(Scraped caption text data)
BEGIN

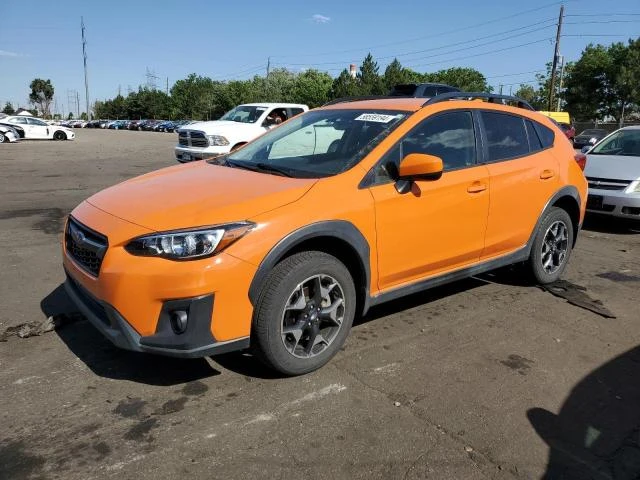 subaru crosstrek 2019 jf2gtacc7k8309651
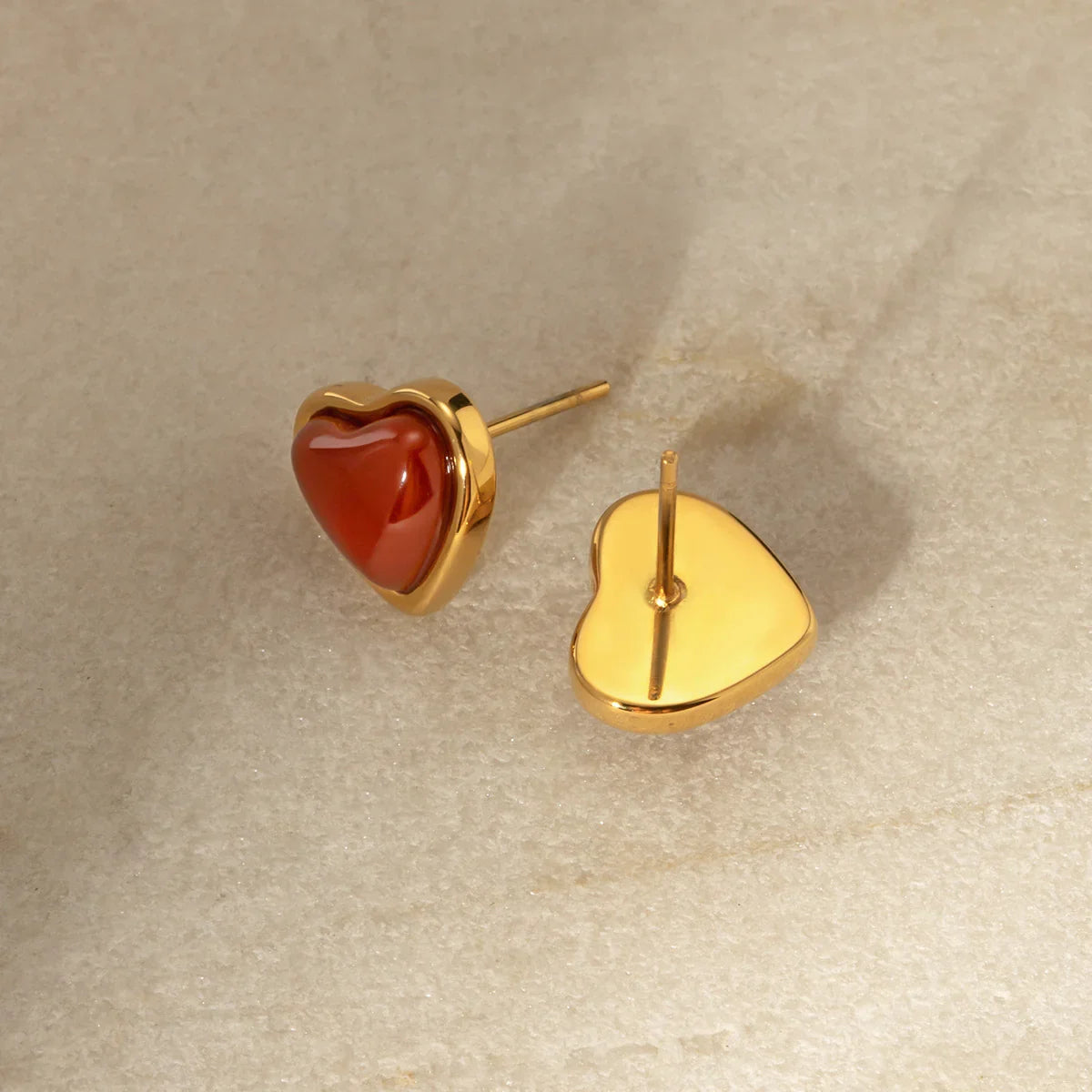 [Royal Vicky]Rhea Gold  Earrings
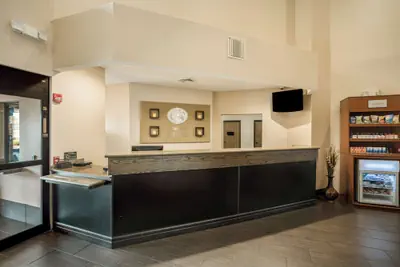 Photo 2 - Comfort Suites Monroe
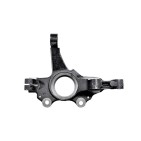 Fusée d'essieu Avant Gauche Pour OPEL VAUXHALL CORSA MK D S07 5308053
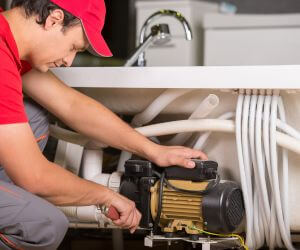 About Water Heater Repair LLC Lacey, WA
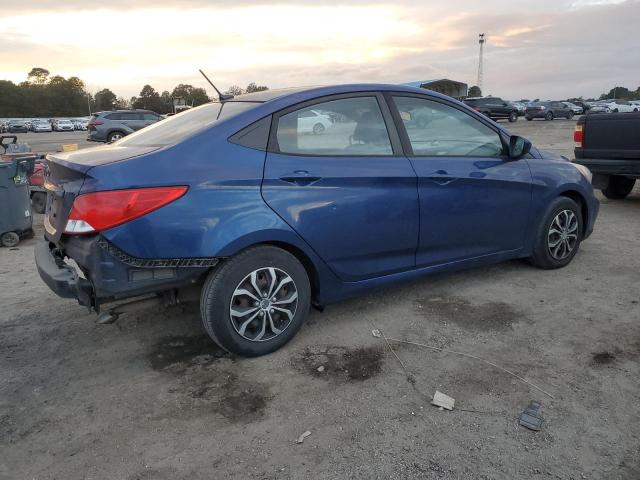 Photo 3 from auction – 2016 HYUNDAI ACCENT SE with VIN KMHCT4AE0GU122877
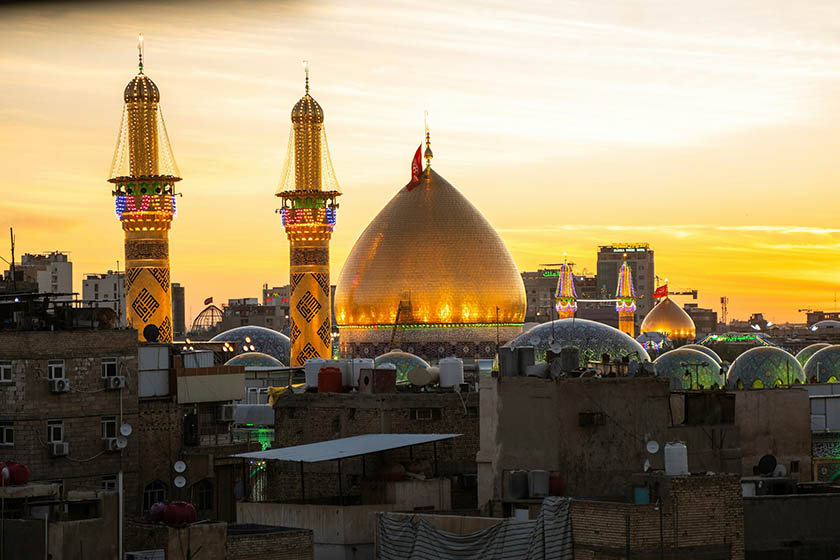 روز امر به معروف و نهی از منکر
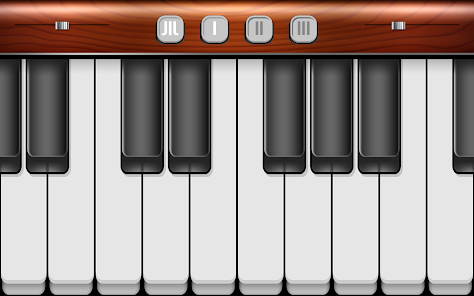 Teclado Piano Virtual – Apps no Google Play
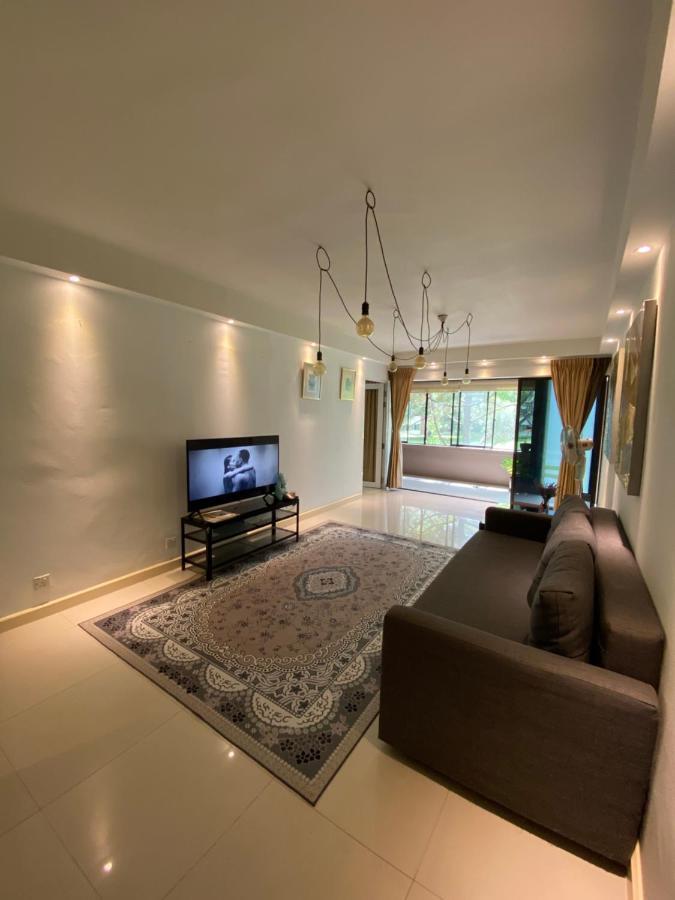 Klcc Studio One Bedroom Kuala Lumpur Bagian luar foto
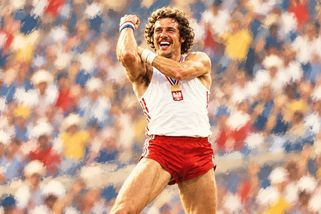 Gesto Kozakiewicze 1980: olympionik se vysmál bučící Moskvě. Chtěli mu za to vzít medaili i kariéru - Médium.cz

END

§ WHAT THE EXERCISE ASKS:
When you transcribe the entries, reproduce each line exactly and skip any picture.

§ ANSWER:
 subaru crosstrek 2019 jf2gtacc7k8309651
 [Royal Vicky]Rhea Gold  Earrings
 Photo 2 - Comfort Suites Monroe
 Fusée d'essieu Avant Gauche Pour OPEL VAUXHALL CORSA MK D S07 5308053
 About Water Heater Repair LLC Lacey, WA
 Photo 3 from auction – 2016 HYUNDAI ACCENT SE with VIN KMHCT4AE0GU122877
 روز امر به معروف و نهی از منکر
 Teclado Piano Virtual – Apps no Google Play
 Klcc Studio One Bedroom Kuala Lumpur Bagian luar foto
 Gesto Kozakiewicze 1980: olympionik se vysmál bučící Moskvě. Chtěli mu za to vzít medaili i kariéru - Médium.cz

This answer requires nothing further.